Exercise instructions: Using the data below, transcribe exactly everything from the line that contains "schwarzer Camouflage Rucksack von Prada" down to the line that contains "pilt 2 Weinsberg". Include both of those lines and none of the pictures.

Raw data:
────────────────
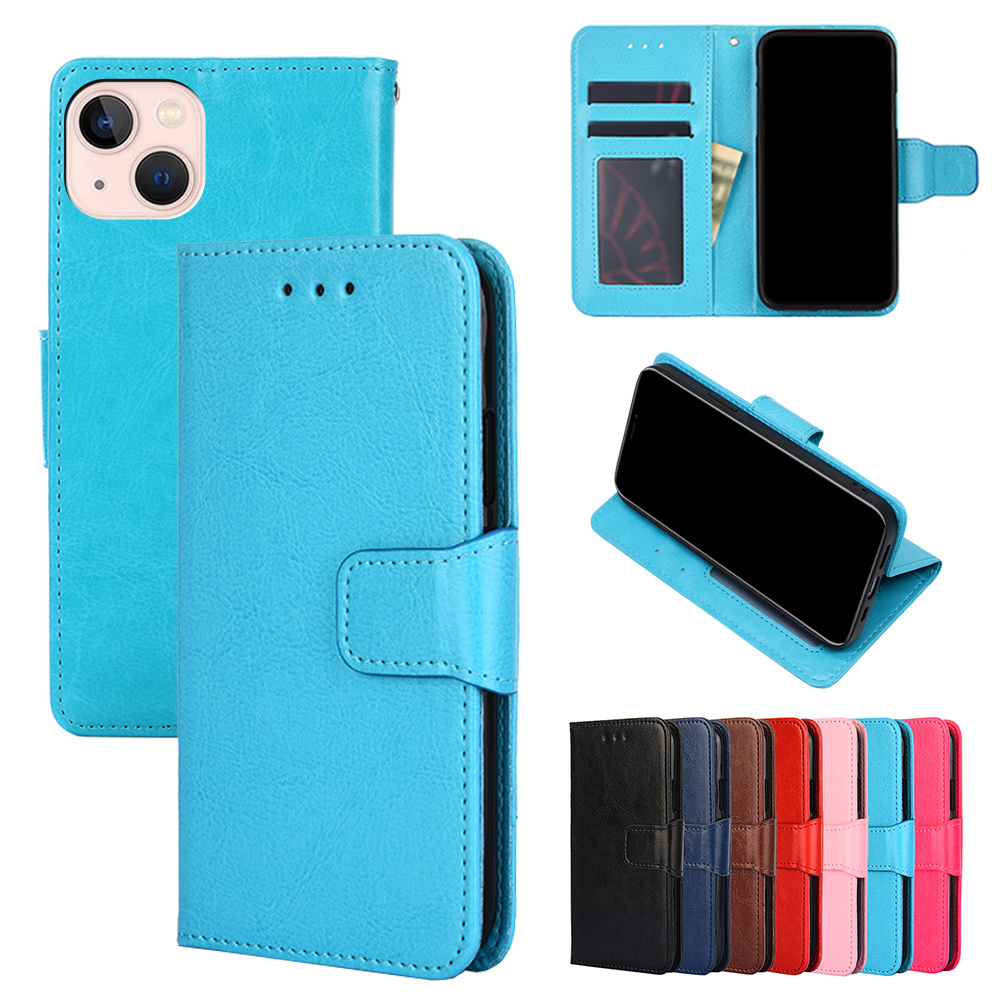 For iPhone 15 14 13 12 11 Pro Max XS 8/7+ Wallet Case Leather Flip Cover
────────────────
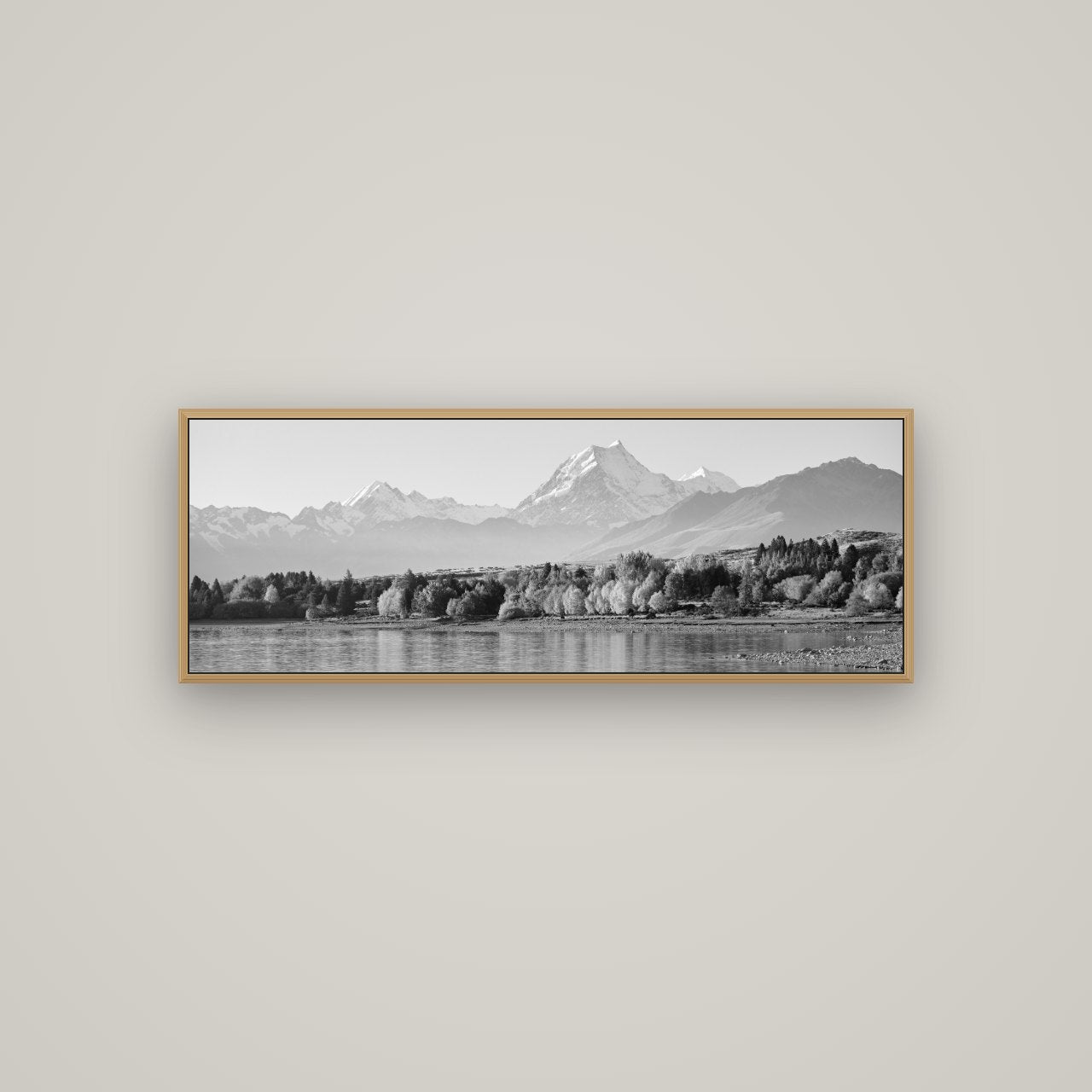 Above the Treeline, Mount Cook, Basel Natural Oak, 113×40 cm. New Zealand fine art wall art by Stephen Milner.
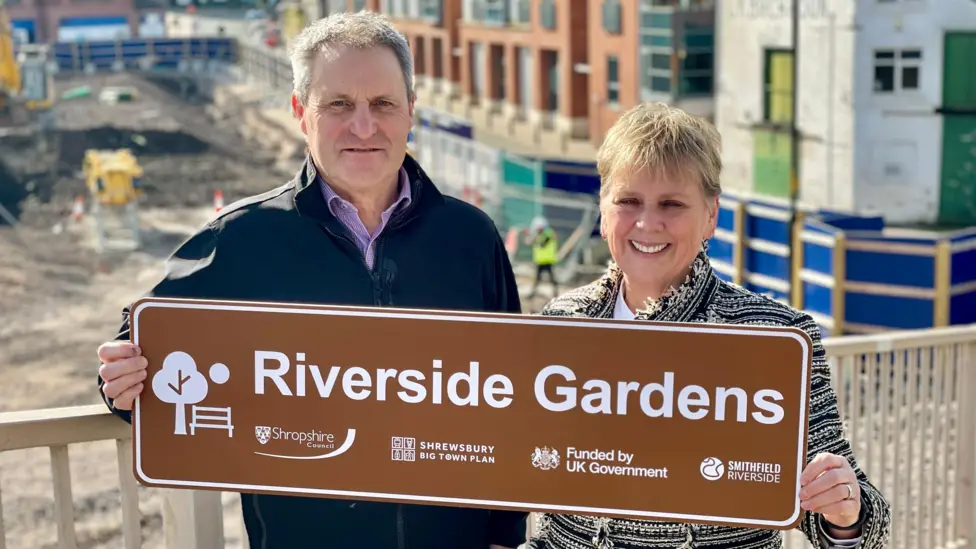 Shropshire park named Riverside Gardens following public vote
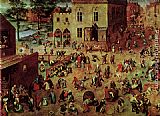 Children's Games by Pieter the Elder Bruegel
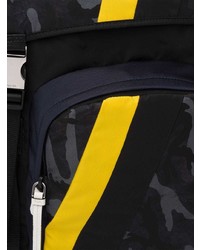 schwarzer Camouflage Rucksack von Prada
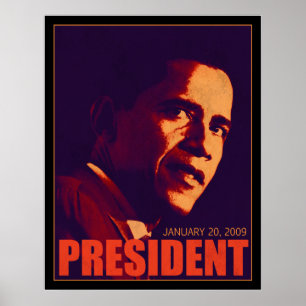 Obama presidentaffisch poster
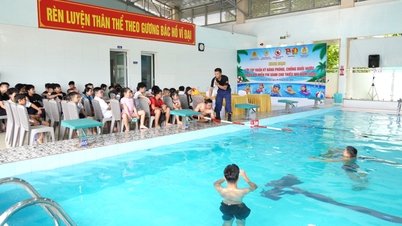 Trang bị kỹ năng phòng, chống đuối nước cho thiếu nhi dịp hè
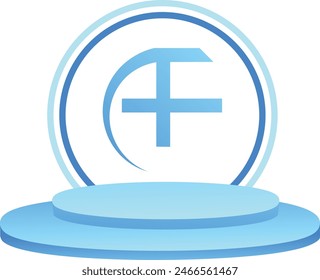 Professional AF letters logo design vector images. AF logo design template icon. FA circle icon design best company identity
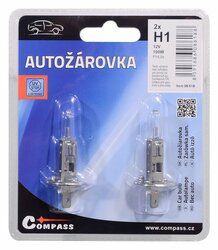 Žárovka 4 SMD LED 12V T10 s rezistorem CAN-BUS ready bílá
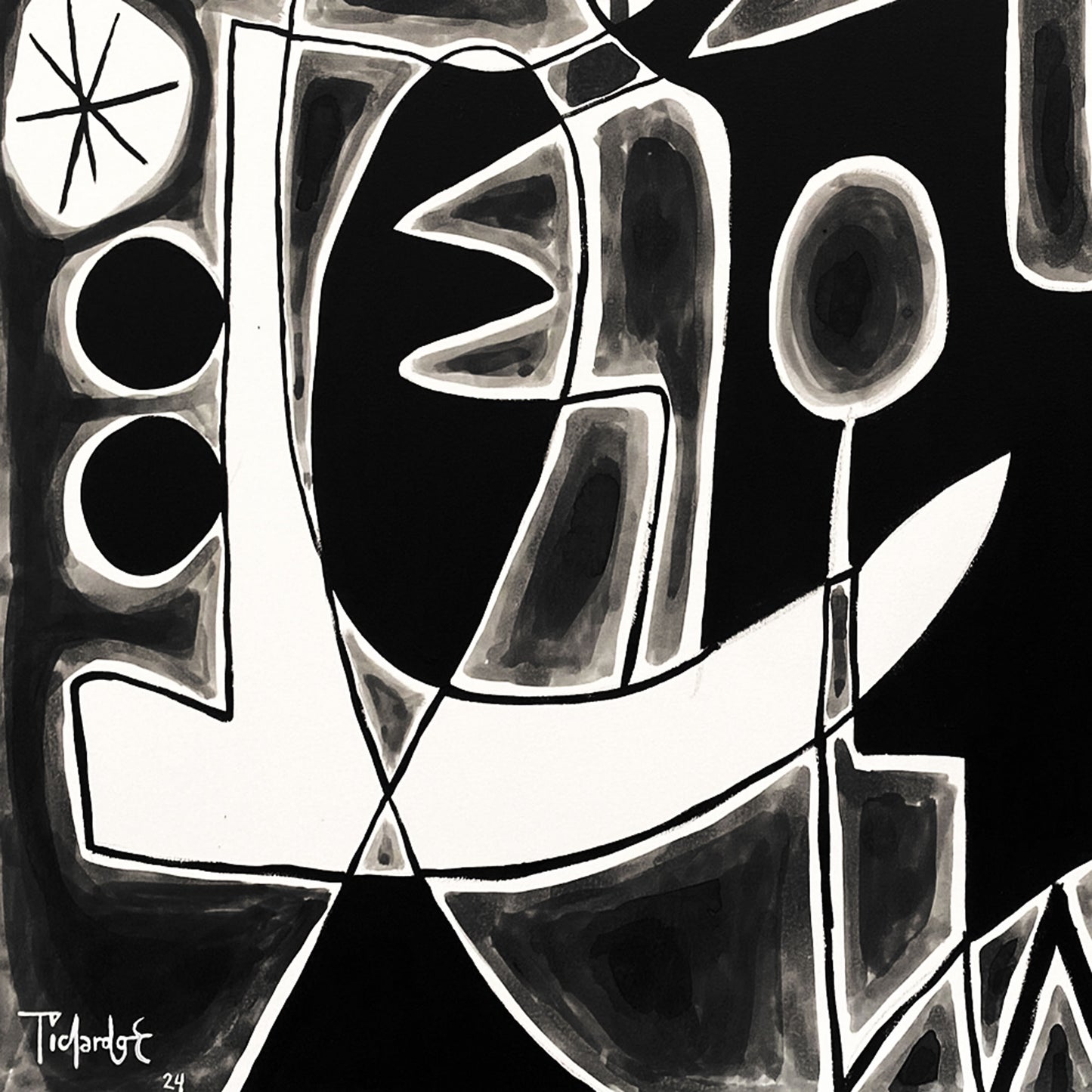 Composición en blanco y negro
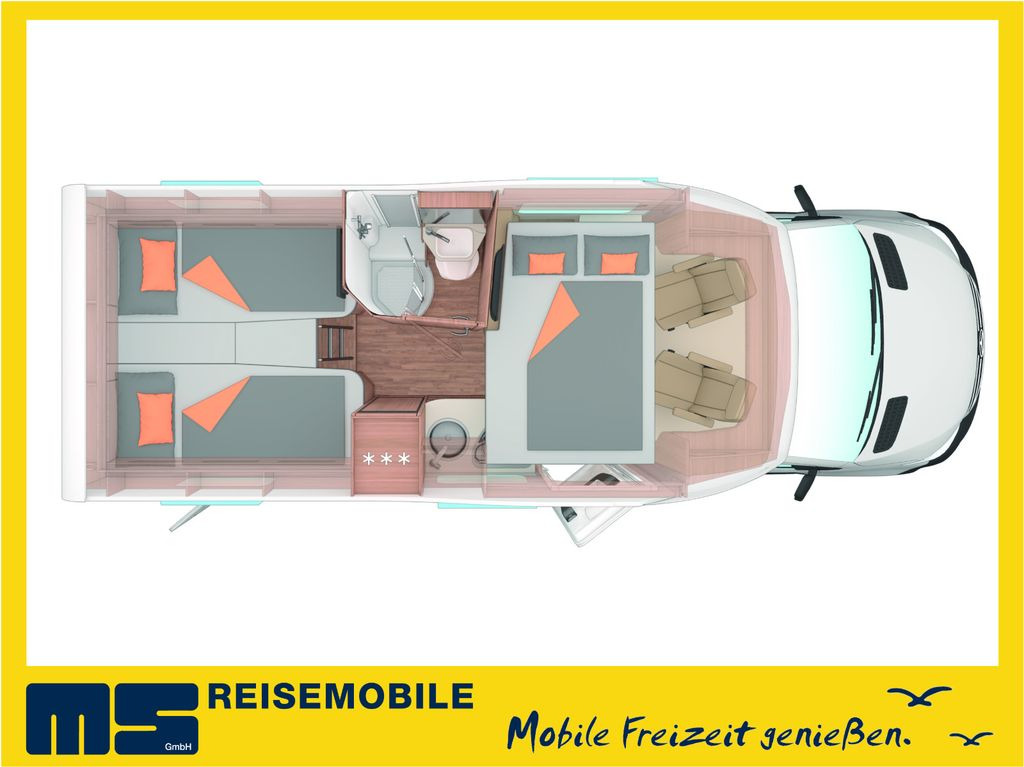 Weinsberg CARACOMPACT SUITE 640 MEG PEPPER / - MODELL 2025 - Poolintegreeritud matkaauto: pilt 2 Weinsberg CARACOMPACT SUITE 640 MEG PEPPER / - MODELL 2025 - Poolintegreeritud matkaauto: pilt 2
────────────────
Completed exercise:
 schwarzer Camouflage Rucksack von Prada
 Obama presidentaffisch poster
 Trang bị kỹ năng phòng, chống đuối nước cho thiếu nhi dịp hè
 Professional AF letters logo design vector images. AF logo design template icon. FA circle icon design best company identity
 Žárovka 4 SMD LED 12V T10 s rezistorem CAN-BUS ready bílá
 Composición en blanco y negro
 Weinsberg CARACOMPACT SUITE 640 MEG PEPPER / - MODELL 2025 - Poolintegreeritud matkaauto: pilt 2 Weinsberg CARACOMPACT SUITE 640 MEG PEPPER / - MODELL 2025 - Poolintegreeritud matkaauto: pilt 2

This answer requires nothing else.